My best guess is honestly that it was meant to be "these prohibitions will not apply to the" instead of "these prohibitions will not only apply to the". Inserting an extra "only" is a pretty easy mistake to make when reading text out loud.
[EDIT] Since the downvotes have started pouring in, I have to ask. Do you really attribute to this error to malice rather than stupidity? Given that the administration immediately (within minutes? edit: [0]yes, within minutes) made a correction I find it difficult to believe it was deliberate misinformation.
I mean, miscommunication happens. Trump didn't invent the plan, he was advised by others and gave the go-ahead. Then, his advisors drafted all of the details of the plan (probably in very short order). And of course, he didn't write the speech, someone prepared it for him. Afterward, the speech changed hands numerous times until some staff member loaded it into the prompter.
Someone definitely messed up, but it's hard for me to see how anyone could blame the speaker for this one. Assuming there's no partisanship, of course.
Not malice.. I attribute it to DOW futures dropping 400 points within minutes of him saying that. So they backtracked as quickly as possible.
But I also don't believe this speech would have happened tonight if it had been a up day on the stock market. I think that is the only lens they are looking at this through.
You can hire a whole team of perfectly competent people and all it takes is one slip-up to ship the wrong version of a file. I have no love for the administration, but I find it frustrating that people are so eager to attribute every single error, regardless of impact, to one name.
If you go back one administration and search 'Obama clarifies' on google, you find the same thing. Turns out that press machines involving dozens of people are prone to human error.
In a hypothetical world where our competent president and his competent staff made an occasional error, it would be reasonable to give the benefit of the doubt.
This is one of three or four errors just in this address alone. An address that may literally be the most important of his presidency. It wasn't just some George W. tripping over his words, he said literally the exact opposite of what the policy actually was and just kept rolling.
This is too important to be grading on a curve.
edit: To be clear I'm not suggesting he misread the teleprompter intentionally. I am saying that he and his administration have a level of incompetence and neglect that would result in jail time in many private industries.

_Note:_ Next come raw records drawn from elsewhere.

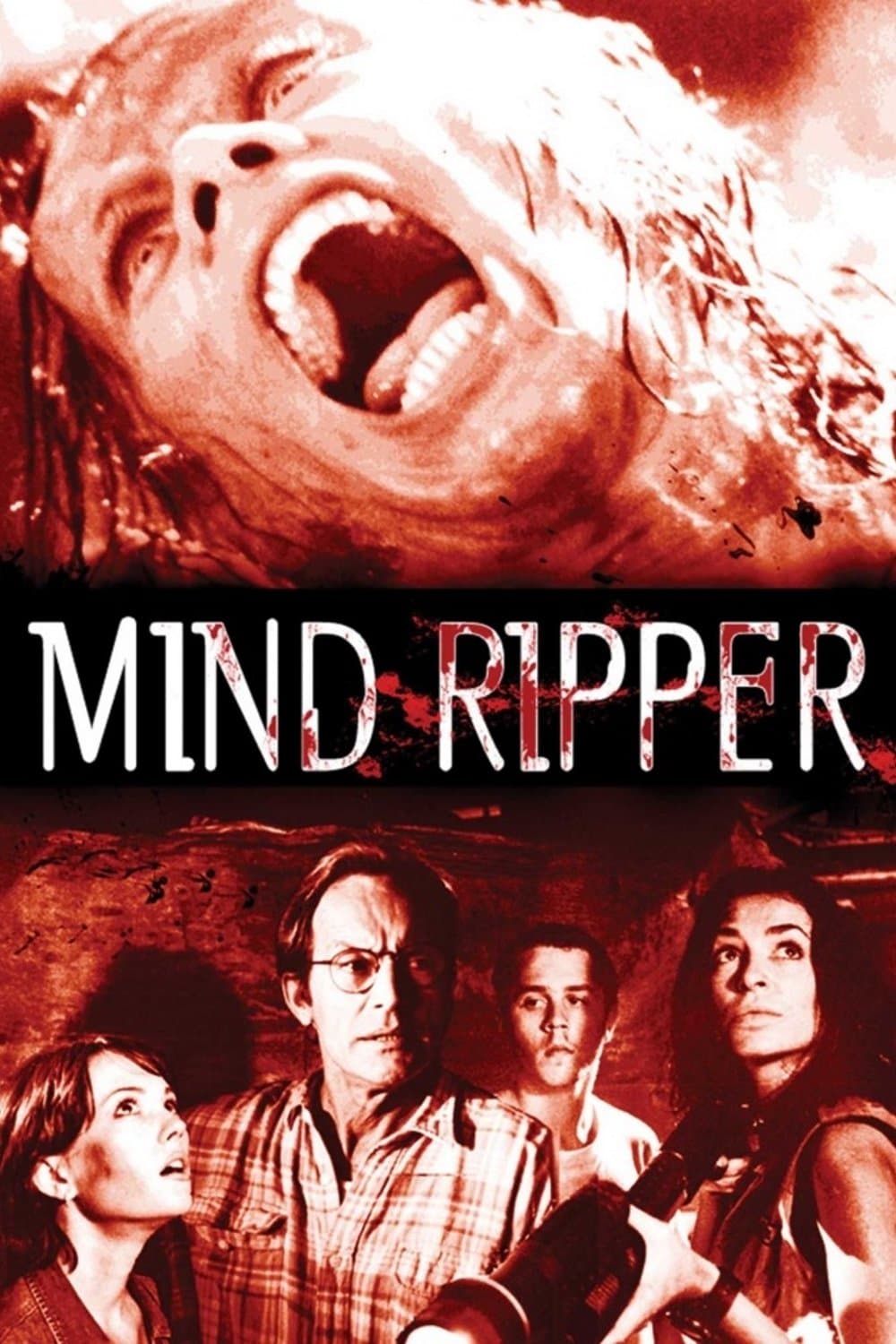 Mind Ripper full movie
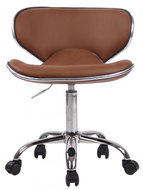 BHM Germany Las Vegas, Brown - Office Chair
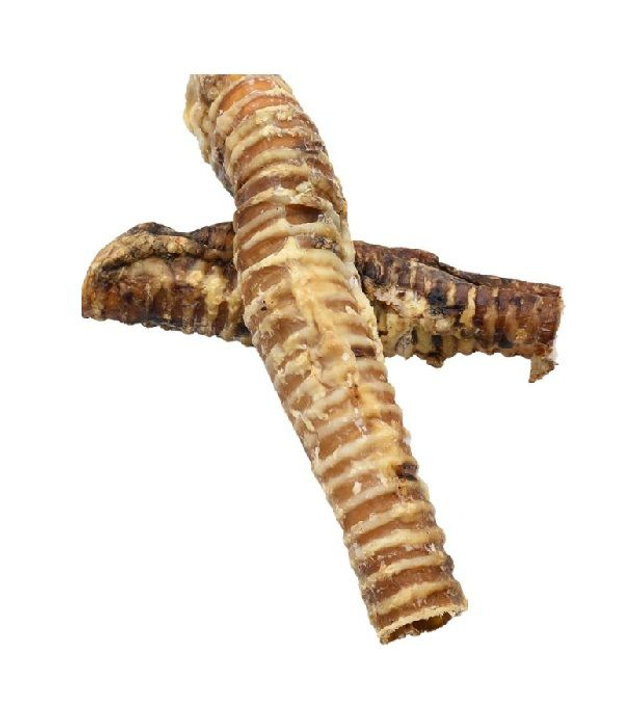 Trachée de bœuf 30cm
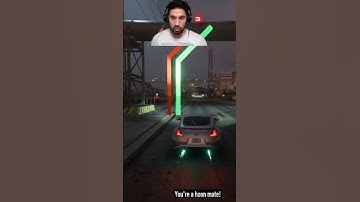 "Drift King: Mastering the Art of Drifting with the Nissan 350Z in NFS Unbound"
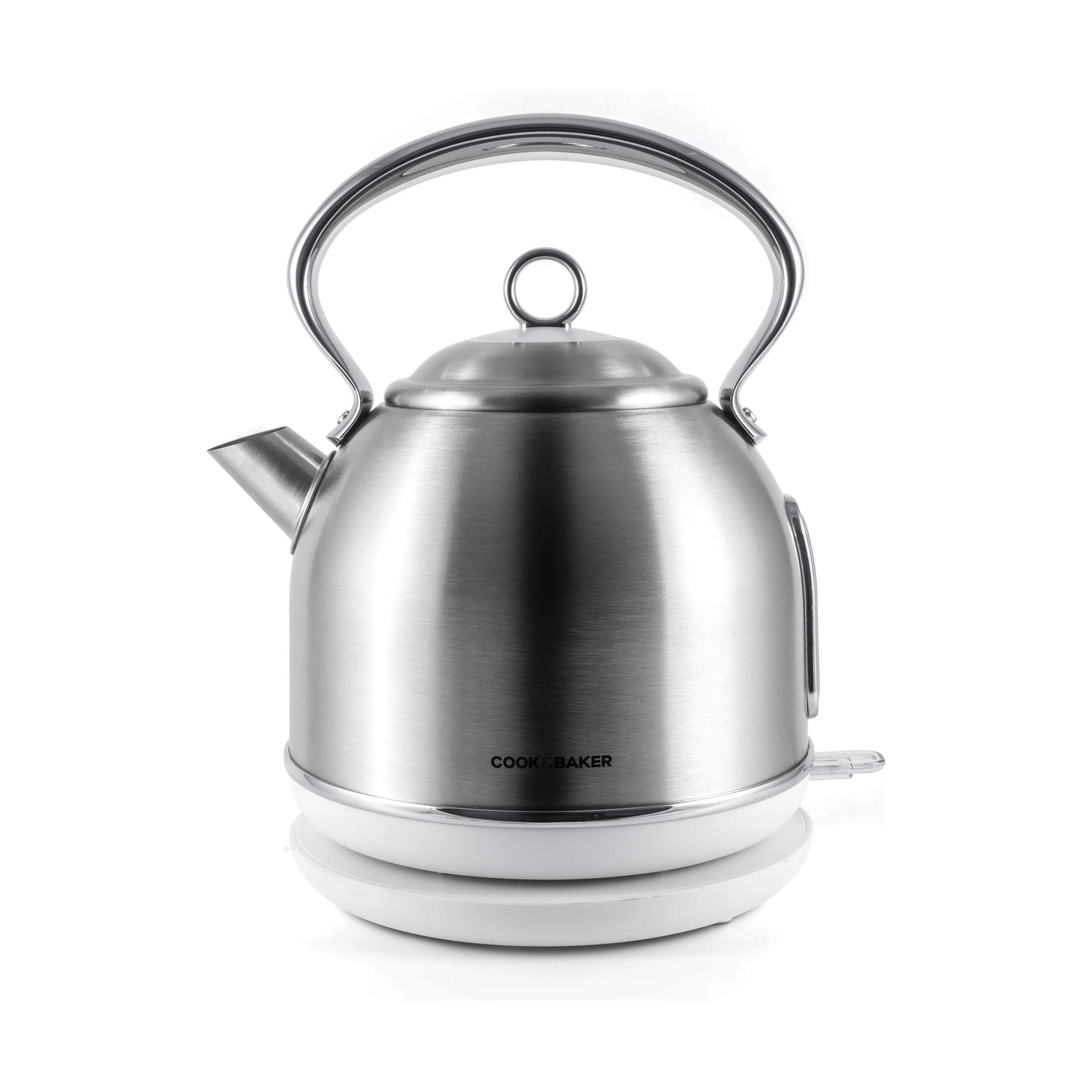 Elkedler på tilbud fra Smeg, KitchenAid, Stelton m.fl. | Imerco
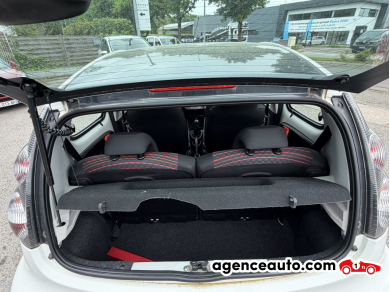 Citroen C1 — 14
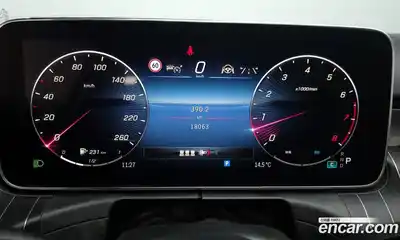 Mercedes-Benz C-Class 2024 2.0 гидро в Москве № 1347740, миниатюра 11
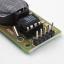 Real Time Clock Module RTC (DS1302) - Green PCB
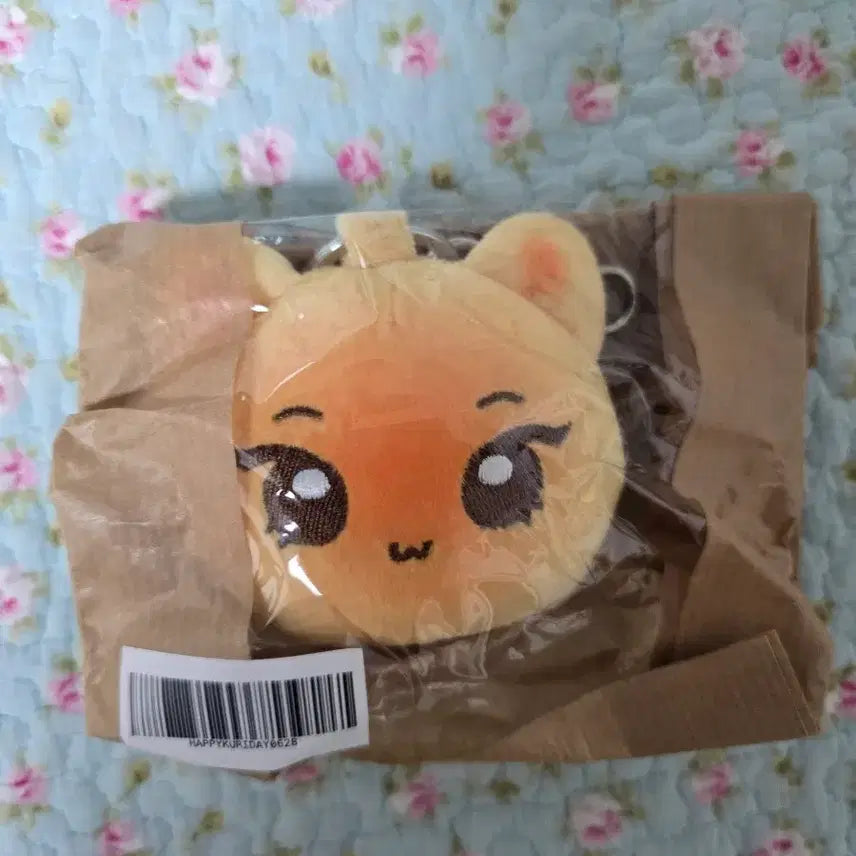 엔시티위시 리쿠 인형 리쿠빵 미개봉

I respect your position and the desire for professionalism. I differ in regard to the expectations of people, however. Even under the best of circumstances with the benefit of a lot of time (we don't have a clue about the intelligence that triggered this, so we don't know if they put this together in a day or a week) I still expect errors. Perhaps I'm cynical, but I just assume human beings will break things and screw up whenever they are given the opportunity. In the case of the white house press corps, there's a lot of opportunity for that.
That's why Obama had to issue immediate corrections regarding troop deployments, economy, and policies. There's too many moving parts.
I feel that this administration is actively hostile to the well-being of the United States, but I've been telling people since day 1 that it's counter productive to make fun of Trump and nit pick at every error regardless of how tiny or inconsequential. At the very best it diverts attention from the actual problems with this administration and at worst deepens into the political chasm we seem to have in this country.
a) This does not apply to US citizens or their family members[1].
b) This does not apply to cargo[2].
It appears that the President misspoke regarding point 2.